At the moment I'm having problems with the Collections list.
I chosen collections, sorted by title. Works.

I then added a new collection "Dune". In the list of collections sorted by title it should, by my understanding, come after the collection "Douglas Adams" and not after "Wheel Of Time" which is what happens.

Any ideas?


----------



## Linjeakel (Mar 17, 2010)

Make sure you haven't accidentally put a space or a full stop (period) or such in front of the word 'Dune'. If you sort by collection and all your collections start with a letter of the alphabet they should be in alphabetical order. 

You can force the sort order - say you want a collection called 'currently reading' to always be at the top, you can do that by using symbols in front of the name of each collection. For that you might need to experiment to work out what order the symbols come in, unless someone here has worked out a definitive alphabetical sort order for your model of Kindle. But for a straightforward alphabetical sort, that shouldn't be necessary.

Let us know how you get on.


----------



## Neil Smith (Jun 28, 2017)

No spaces or other characters in the collection name.
It's not just this collection name. Some collections I created on the device, others I created online. 
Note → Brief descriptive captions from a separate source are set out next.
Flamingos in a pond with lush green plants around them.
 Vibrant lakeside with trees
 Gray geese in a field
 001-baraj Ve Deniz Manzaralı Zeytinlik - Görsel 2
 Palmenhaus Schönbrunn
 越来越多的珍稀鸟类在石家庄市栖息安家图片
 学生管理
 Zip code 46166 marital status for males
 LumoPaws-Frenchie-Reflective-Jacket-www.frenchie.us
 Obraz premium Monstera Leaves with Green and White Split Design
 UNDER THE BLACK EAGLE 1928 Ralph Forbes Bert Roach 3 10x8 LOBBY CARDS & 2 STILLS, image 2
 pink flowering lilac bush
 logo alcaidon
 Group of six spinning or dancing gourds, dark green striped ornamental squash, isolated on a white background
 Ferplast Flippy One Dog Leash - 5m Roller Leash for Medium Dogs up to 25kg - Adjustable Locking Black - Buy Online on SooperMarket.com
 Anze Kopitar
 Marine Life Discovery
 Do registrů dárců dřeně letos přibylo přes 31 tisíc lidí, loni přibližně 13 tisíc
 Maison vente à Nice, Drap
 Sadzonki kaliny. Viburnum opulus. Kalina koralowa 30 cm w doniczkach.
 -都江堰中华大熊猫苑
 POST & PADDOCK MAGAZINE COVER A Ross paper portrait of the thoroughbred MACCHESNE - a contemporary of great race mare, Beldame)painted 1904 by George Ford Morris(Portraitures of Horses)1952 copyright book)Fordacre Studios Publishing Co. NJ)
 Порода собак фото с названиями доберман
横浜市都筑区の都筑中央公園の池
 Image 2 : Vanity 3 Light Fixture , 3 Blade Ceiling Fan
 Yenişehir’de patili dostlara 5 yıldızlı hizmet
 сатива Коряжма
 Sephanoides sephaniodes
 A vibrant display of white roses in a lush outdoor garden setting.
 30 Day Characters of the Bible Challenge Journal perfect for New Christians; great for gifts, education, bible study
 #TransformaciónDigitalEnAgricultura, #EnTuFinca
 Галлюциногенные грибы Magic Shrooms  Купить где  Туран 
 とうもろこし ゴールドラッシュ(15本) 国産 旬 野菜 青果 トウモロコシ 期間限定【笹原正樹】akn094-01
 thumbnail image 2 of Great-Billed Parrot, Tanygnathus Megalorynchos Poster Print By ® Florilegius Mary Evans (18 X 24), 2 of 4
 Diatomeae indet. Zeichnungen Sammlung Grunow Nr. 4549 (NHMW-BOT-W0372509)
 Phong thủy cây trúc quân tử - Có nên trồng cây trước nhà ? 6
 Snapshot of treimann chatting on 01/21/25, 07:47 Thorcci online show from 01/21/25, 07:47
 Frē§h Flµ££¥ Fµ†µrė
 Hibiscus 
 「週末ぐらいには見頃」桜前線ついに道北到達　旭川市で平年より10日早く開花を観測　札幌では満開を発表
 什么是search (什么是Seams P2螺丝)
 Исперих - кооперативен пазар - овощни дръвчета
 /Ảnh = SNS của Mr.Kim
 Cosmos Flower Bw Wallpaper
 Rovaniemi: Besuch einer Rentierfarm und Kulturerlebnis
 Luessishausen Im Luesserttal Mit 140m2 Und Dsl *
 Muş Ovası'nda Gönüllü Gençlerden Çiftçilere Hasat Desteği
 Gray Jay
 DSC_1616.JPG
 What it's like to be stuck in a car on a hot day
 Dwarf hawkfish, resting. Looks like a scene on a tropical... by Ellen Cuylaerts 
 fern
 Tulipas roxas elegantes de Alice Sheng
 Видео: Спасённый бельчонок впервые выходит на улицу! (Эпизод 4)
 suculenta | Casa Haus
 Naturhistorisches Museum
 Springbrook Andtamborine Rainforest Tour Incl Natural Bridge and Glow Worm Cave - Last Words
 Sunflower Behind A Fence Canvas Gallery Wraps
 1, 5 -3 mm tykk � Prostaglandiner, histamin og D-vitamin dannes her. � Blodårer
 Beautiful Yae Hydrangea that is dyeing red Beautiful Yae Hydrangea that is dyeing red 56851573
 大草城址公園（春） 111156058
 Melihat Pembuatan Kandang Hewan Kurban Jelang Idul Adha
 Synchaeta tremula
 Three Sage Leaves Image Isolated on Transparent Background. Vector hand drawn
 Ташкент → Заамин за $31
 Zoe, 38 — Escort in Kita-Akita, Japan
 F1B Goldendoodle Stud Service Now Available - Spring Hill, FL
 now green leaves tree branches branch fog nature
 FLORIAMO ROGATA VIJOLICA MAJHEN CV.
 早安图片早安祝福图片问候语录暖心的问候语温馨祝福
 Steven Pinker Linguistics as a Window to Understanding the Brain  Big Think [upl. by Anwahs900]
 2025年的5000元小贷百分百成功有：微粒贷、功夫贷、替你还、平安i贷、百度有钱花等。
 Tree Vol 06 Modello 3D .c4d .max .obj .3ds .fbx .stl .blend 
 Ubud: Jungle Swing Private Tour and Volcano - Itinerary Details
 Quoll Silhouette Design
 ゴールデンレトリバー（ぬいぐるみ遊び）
For instance I also have this in the listing:

Blackbird
The First Chronicles
The Second Chronicles
The Last Chronicles
The Shannara Chronicles
Outlander
Barsoom
which is in no language I know alphabetical!

The listing looks a bit like this

a,b,c,d......w, d,e,f,g,h....w

If I look at the collections online everything is fine.

Update: I just deleted one of the collections I created online and recreated it on the device. It now shows up in the right place in the list. Maybe that's the problem?


----------



## Neil Smith (Jun 28, 2017)

Found the problem.

All collections created using the web interface were the oones not being listed correctly.  Once they had been edited on the Kindle (deleted the last character, then added again)  they appeared in the right order.


----------



## Linjeakel (Mar 17, 2010)

Well done! I must admit I've never used the web option for creating collections - I think I created all mine before it was available - so I've never come across that problem before.

Thanks for letting us know, that could be really helpful for other people. You might like to email Amazon at [email protected] and let them know the problems you had so that they can put it right.


----------



## Worxfan (Aug 22, 2017)

I recently bought a new Kindle Paperwhite. I am inthe process of creating Collections. I'm doing it on Kindle for PC:
Is this the fastest way of doing it?
What is the above mentioned Internet way?
How many Collections can I make on Kindle For PC?

I'm still getting the hang of this Paperwhite, please advise.


----------



## Susan Stec (Aug 9, 2014)

I am having trouble understanding how to get my books to show at the bottom of the page. Do I have to pause each one here in this post?


----------



## Ann in Arlington (Oct 27, 2008)

Susan . . . are you talking about setting up your signature area here on Kboards? Have you looked at the Reading Page and the Reader Signature tools? Both are located in the "Readers" menu at the top. Or if you are an author, there's a similar tool for displaying your own books.

If you're asking about something on your kindle, I'm not sure what it is.


----------